3. The ipdfc command

3.1. Syntax

ipdfc, surv(varname) tstart(varname) trisk(varname) nrisk(varname) generate(varname1 varname2) saving(filename[ , replace] ) [probability failure isotonic totevents(#)]

This syntax converts data extracted from a Kaplan–Meier curve to time-to-event data. The syntax does not handle more than one sample at a time. When dealing with a trial having more than one arm, the syntax converts data extracted from one curve at a time to time-to-event data for the respective arm. This should be done for all arms individually, and further data management is needed to amalgamate the data from all arms of a trial, if the data are from a trial. We will illustrate this in the examples given later in this article.

3.2. Options

surv(varname) specifies the data extracted from the ordinate (y axis) of a published Kaplan–Meier curve. The data may be survival probabilities, survival percentages, failure probabilities, or failure percentages. By default, varname is assumed to contain survival percentages. surv() is required.

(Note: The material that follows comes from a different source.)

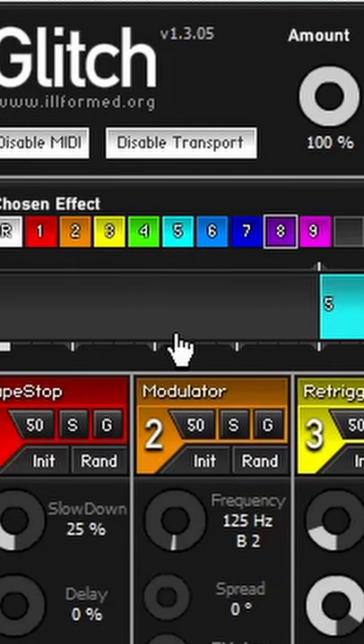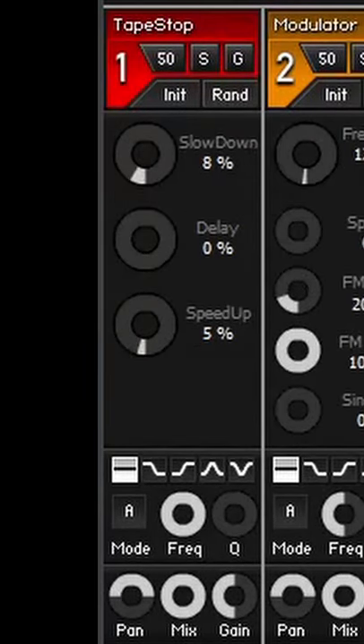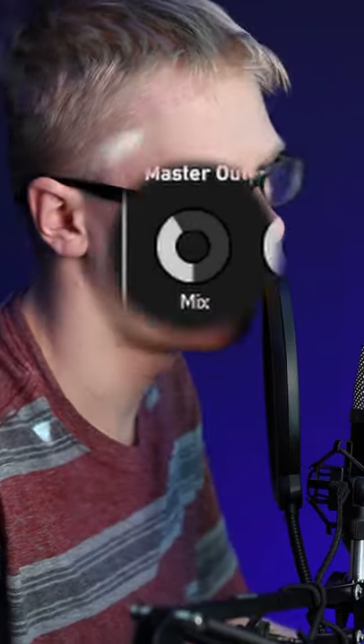Add a reverse right here, a delay right here, and a tape stop right here. On the delay module, turn up to 32.46 percent and turn down the mix quite a bit. On the tape stop, turn it down to seven percent, turn the mix knob down to about nine o'clock, and turn your output mix knob down to about ten o'clock. Check it all out.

tstart(varname) specifies the time since randomization as extracted from the abscissa (x axis) of a published Kaplan–Meier curve. The time could be in any units (for example, days, months, or years), as specified in the publication. tstart() is required.

trisk(varname) specifies the times corresponding to the numbers of patients at risk in nrisk(). Set trisk() as 0 only if the total number of patients in the sample is known. trisk() is required.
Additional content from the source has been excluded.